Whether this reasoning will stand the test of logical investigation is not the question in this case. The question here is not whether a deed can be defeated by one of the parties by showing a conditional delivery and default in the condition, but is whether the mere fact that the parties by mistake of law, admitting the plaintiff's claim upon the authorities to be correct, attempt to make the grantee the depositary of the deed, instead of a third person, until the happening of the contingency upon which they understand the deed is to take effect, is such a conclusive badge of fraud as to avoid the deed after the contingency has happened. We can see no ground in the present case to sustain such a conclusion. The only foundation for the rule is the incompetency of parol evidence to contradict the deed; but, as claimed by counsel, this rule of evidence does not apply to the creditor, and it was open to him to show that no title had passed because no delivery had been intended. It was unnecessary for him attaching the land before the title passed, as the parties understood, to do more than show that fact. A deed, though in the manual possession of the grantor, upon proof of such want of intentional delivery would be no more effectual against the plaintiff's attachment than if held by a third person in escrow, as in Derry Bank v. Webster.

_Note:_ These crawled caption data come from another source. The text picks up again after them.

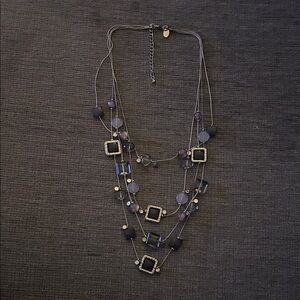 Elegant Multi-Layered Black and Silver Necklace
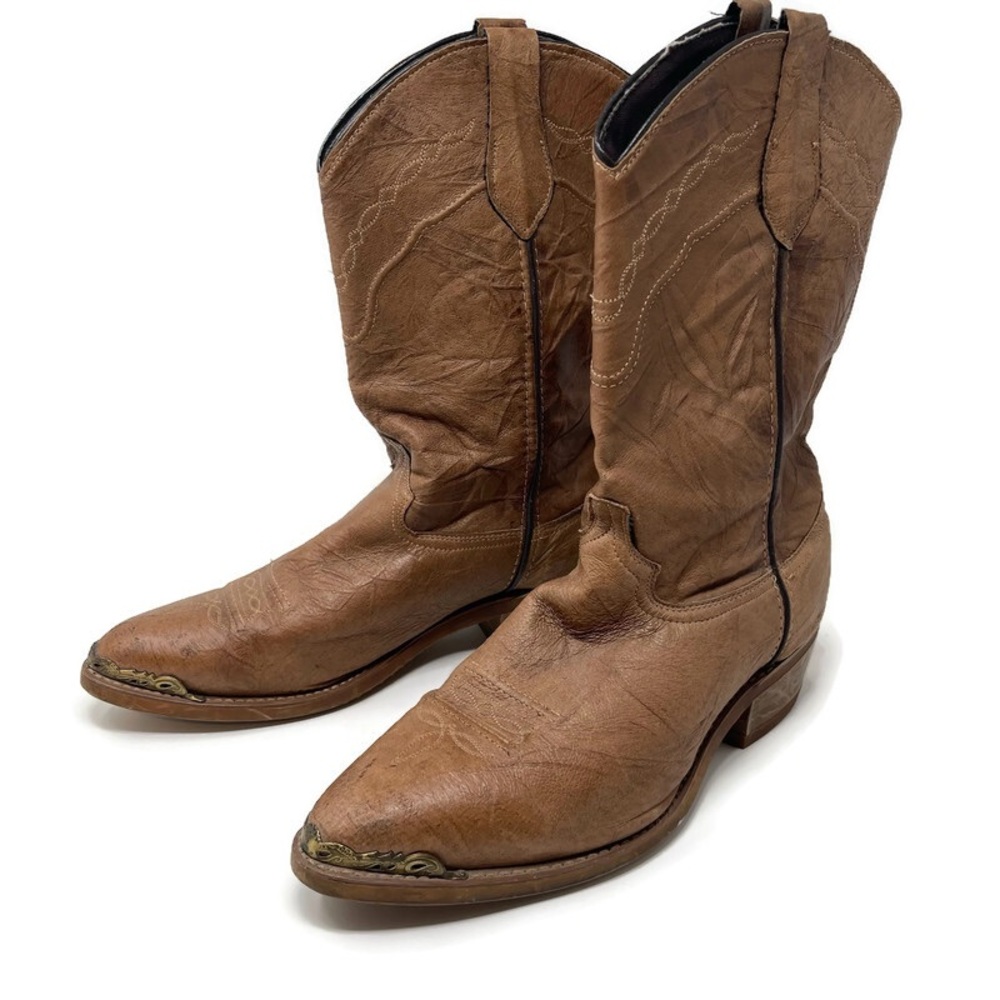 Vintage Re-enforced Toe‎ Workwear Cowboy Boots USA Made | Oil Slip Resistant - Picture 2 of 12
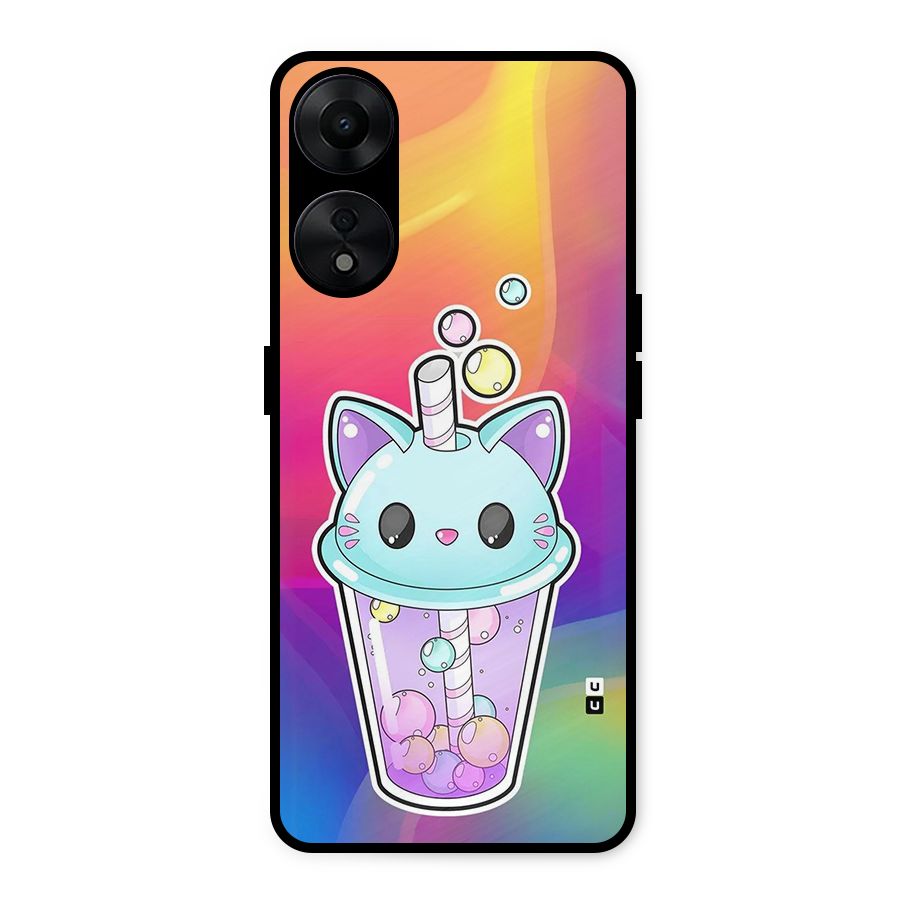 Cat Drink Metal Back Case for Oppo A78 5G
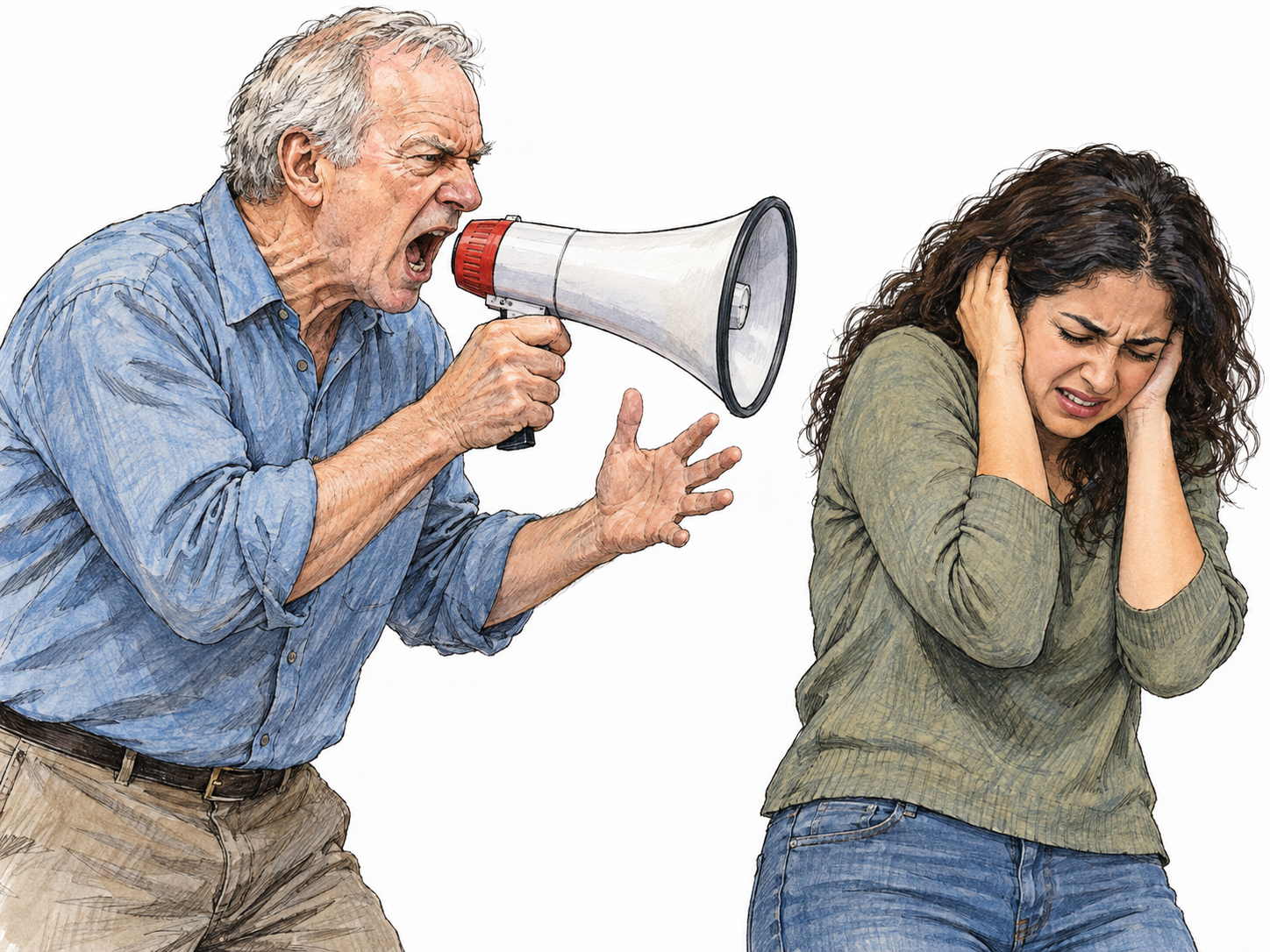 An older man bellows forcefully through a handheld megaphone while a nearby woman recoils and covers her ears, making the sound's intrusive, unpleasant harshness visible.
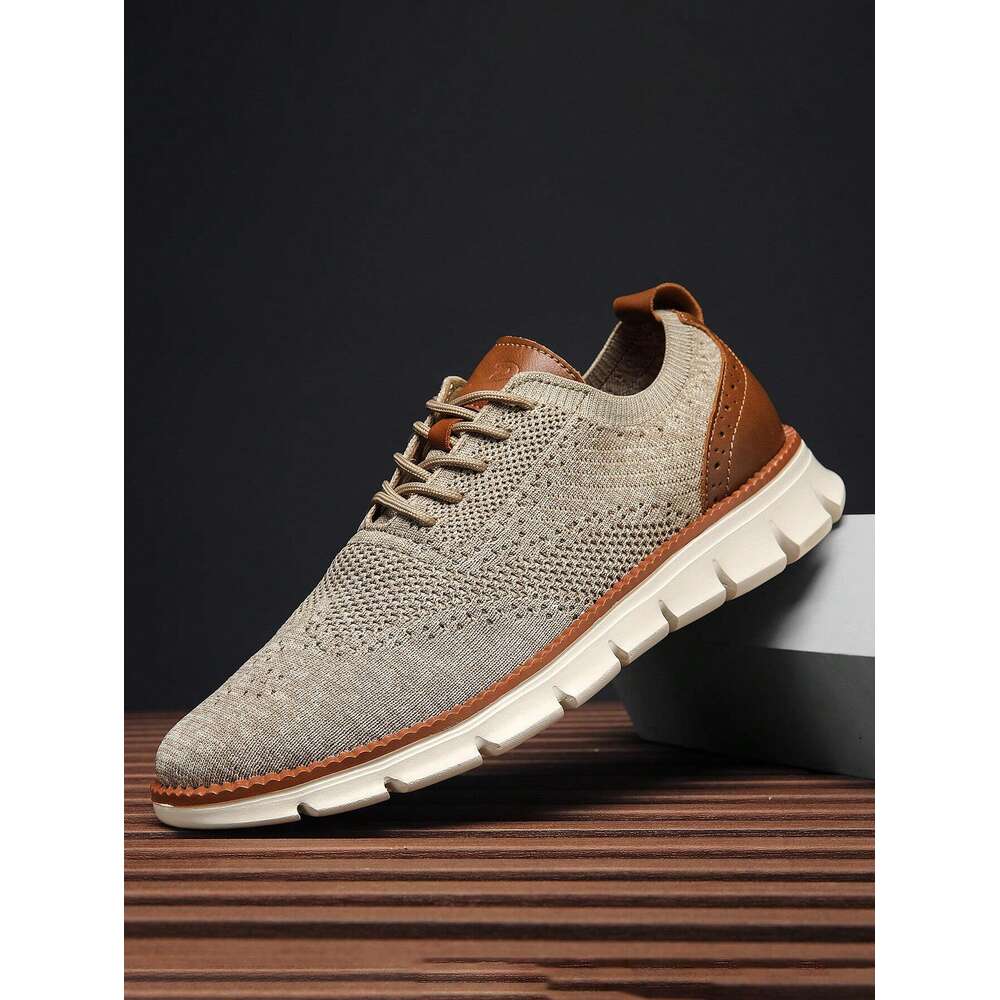 Khaki Men S Breathable Mesh Casual Fashion Sports Shoes Ddmysaturn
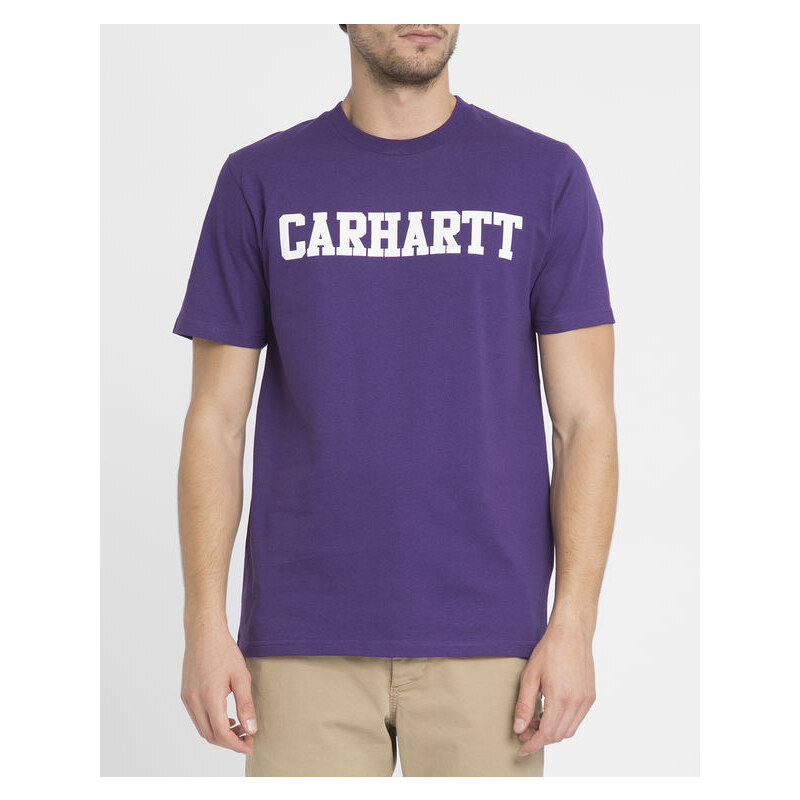 CARHARTT WIP Violettes T-Shirt mit Rundhalsausschnitt und College-Aufdruck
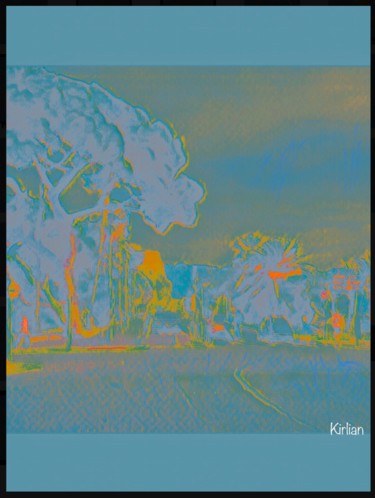 Digitale Kunst getiteld "Blue Promenade" door Kirlian, Origineel Kunstwerk, Digitaal Schilderwerk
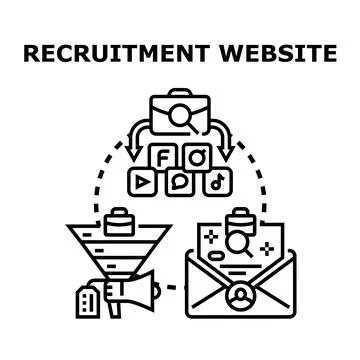 Recruitment website developing online talent acquisition process Stock Illustration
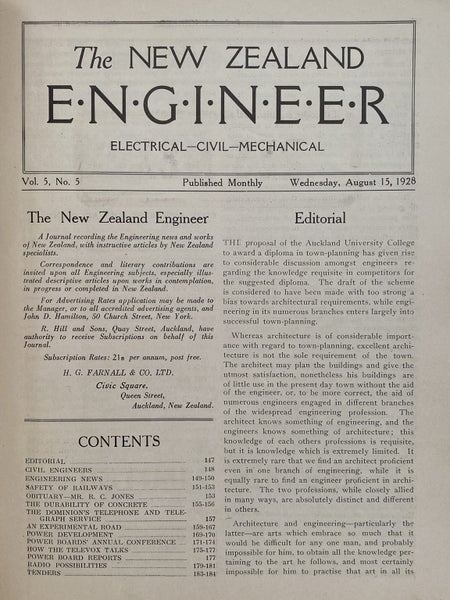 OLD MAGAZINE: The New Zealand Engineer Vol. 5, No. 5 - 15 August 1928 Carousel 3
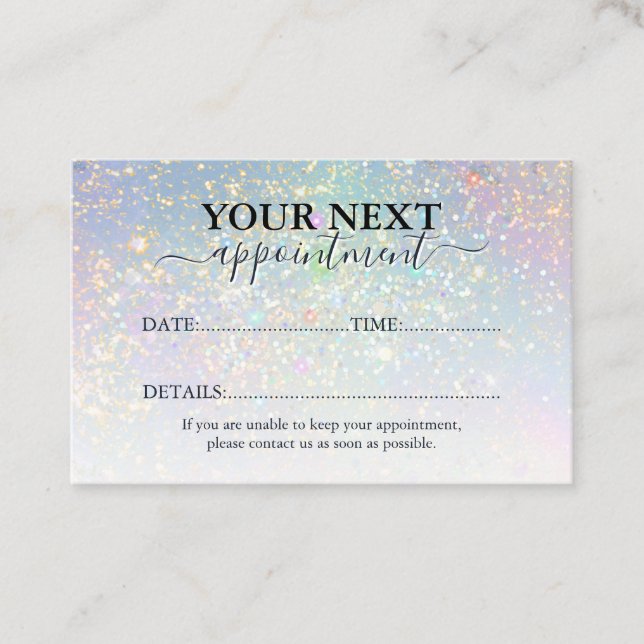Holographic Glam Glitter Elegant Sparkles Beauty Terminkarte (Vorderseite)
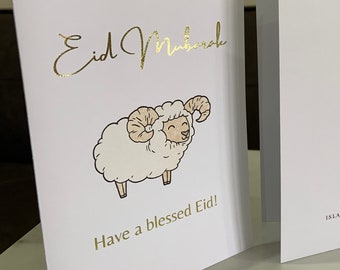 Eid Mubarak Greeting Cards | Pack of 5 or 10 | Islamic Cards | Muslim Cards | Eid Mubarak Cards - Hot Foiled | Foiling | Gifts | Sheep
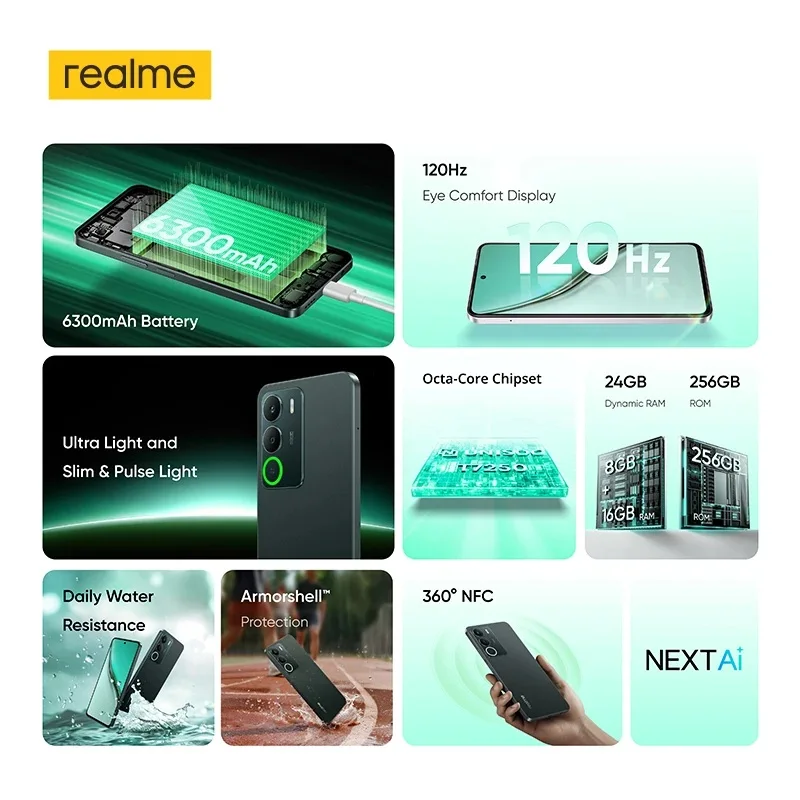 realme P3 Lite スマートフォン 6300mAhバッテリー 15W SUPERVOOC充電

The parties to this agreement provided against such controversy by stipulating that no record of the deed should be made. The simple execution and passing of the deed to the grantee six months before either party understood the title passed, with no claim of ownership by the grantee, had no tendency to hinder or delay creditors; it neither concealed the grantor's property nor prevented its attachment.
The parties intended no fraud. An application of legal principles which by one rule of law makes that an absolute delivery and conveyance of title which was not understood to be a delivery or to convey title, and then by another rule of law declares the parties conclusively guilty of fraud because they understood and agreed they had not done what they did not do, would be a refinement of legal subtlety unfitted for the present age, and which, in the entire absence of any claim that any person was or could have been misled, will not be made by this court.
The plaintiff claims to go behind the written instrument and is bound by what he discloses. Having established that in equity, at least, no title passed till September 15, and that when the equitable and legal title passed prior to his attachment no secret trust was retained for the benefit of the grantor, no ground remains upon which the deed can be disturbed. If the deed had been recorded or the grantee had claimed title thereto prior to the time the parties understood the title was to pass, a different question would have been presented.
This view renders it unnecessary to consider whether if the deed were fraudulent at its inception for a secret trust, such fraud would be purged and the deed rendered valid by the expiration of the time for which it is claimed the trust was reserved. Oriental Bank v. Haskins, 3 Met. 332; Smyth v. Carlisle, 17 N.H. 417; Mandigo v. Healey, ante, p. 94.
Demurrer sustained.
All concurred.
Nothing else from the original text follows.